Izhar Cohen et le groupe Alphabeta surgissent en 1978 avec un pari audacieux. Transformer un jeu de mots enfantin en arme de séduction européenne. A-Ba-Ni-Bi naît de la collaboration entre Nurit Hirsh et Ehud Manor, duo déjà rodé aux subtilités de l’Eurovision. Les deux complices avaient signé la première participation israélienne au concours avec Ey Sham. Cette fois, ils misent sur un style disco émergent qui préfigure les tendances futures du concours.
Un artiste né dans l’effervescence artistique
Izhar Cohen grandit à Givatayim, bercé par une famille d’artistes qui forge son goût précoce pour la scène. Son père Shlomo Cohen baigne dans l’univers artistique, transmettant cette passion à son fils. Sa formation passe par le groupe Nachal avant de rejoindre les planches du théâtre de Haïfa. Cette expérience théâtrale aiguise son sens du spectacle et sa capacité à incarner un personnage sur scène. Parallèlement, le groupe Alphabeta se structure autour de cinq voix complémentaires : Reuven Erez et Itzhak Okev pour les hommes, Lisa Gold-Rubin, Nehama Shutan et Esther Tzuberi pour les femmes.

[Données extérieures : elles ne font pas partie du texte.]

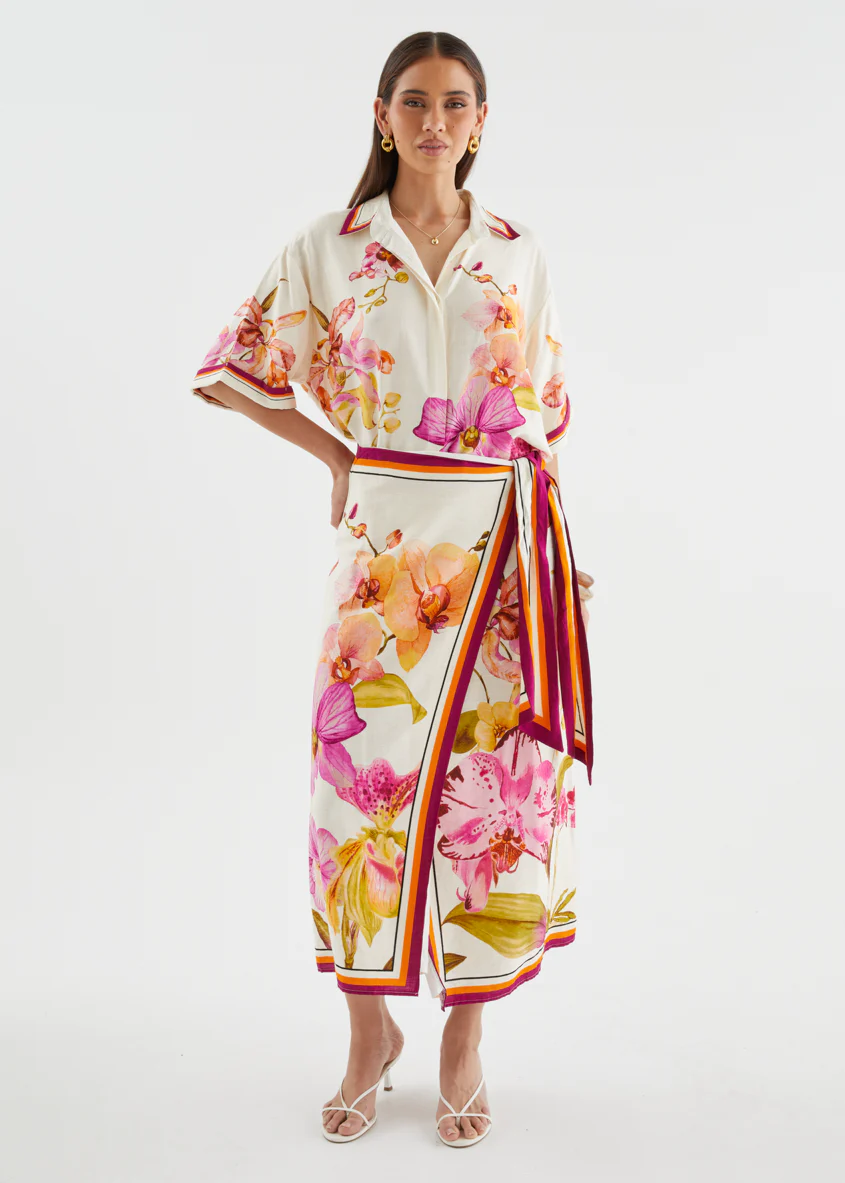 Pamalee Midi Skirt - Fuchsia Orchids - Image 14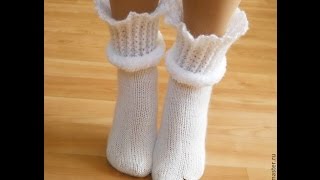 Красивые вязаные носки Beautiful knitted socks [upl. by Leunamme]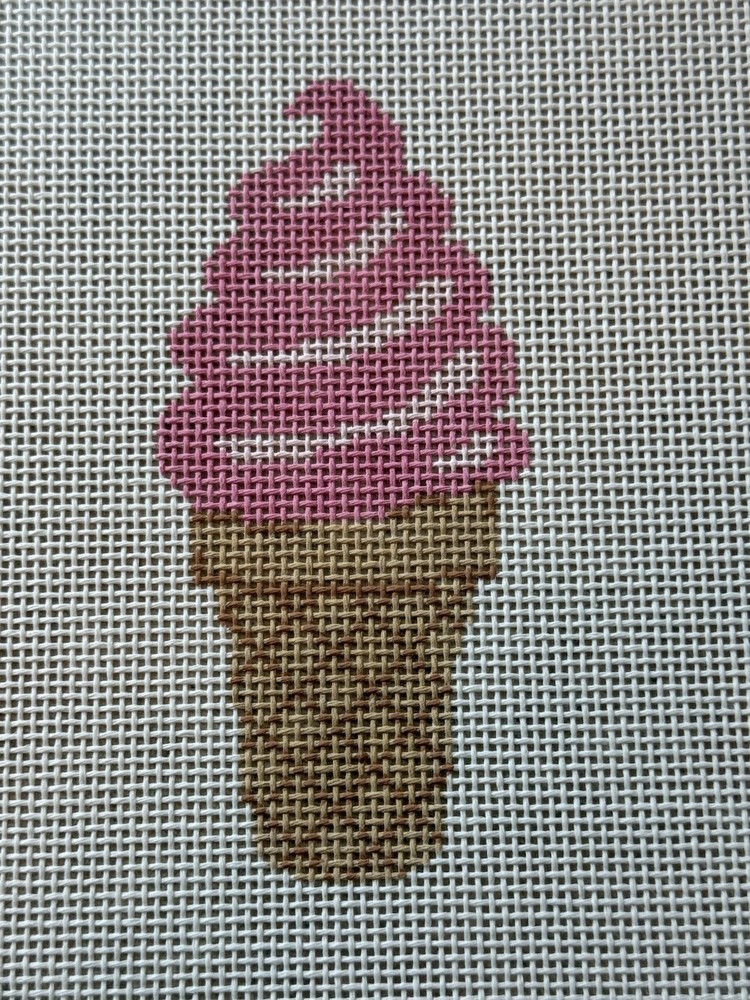 Handpainted Needlepoint Canvas Strawberry Pink Ice Cream Cone 14m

Une composition entre innocence et sophistication
Le titre exploite le langage “bet”, code ludique des cours de récréation où chaque syllabe se répète en insérant la lettre hébraïque bet devant la voyelle. Ainsi “Ani ohev otakh” (“Je t’aime” en hébreu) devient “Abanibi obohebev obotabakh”. Manor et Hirsh transforment cette pirouette linguistique en métaphore sur l’évolution de l’amour entre enfance et âge adulte. Le texte évoque la période où “nous aimions en secret” et “nous ne chuchotions qu’en langage bet”, avant d’appeler l’humanité à “parler dans le langage de l’amour”. Cette approche conceptuelle distingue A-Ba-Ni-Bi des productions Eurovision conventionnelles de l’époque.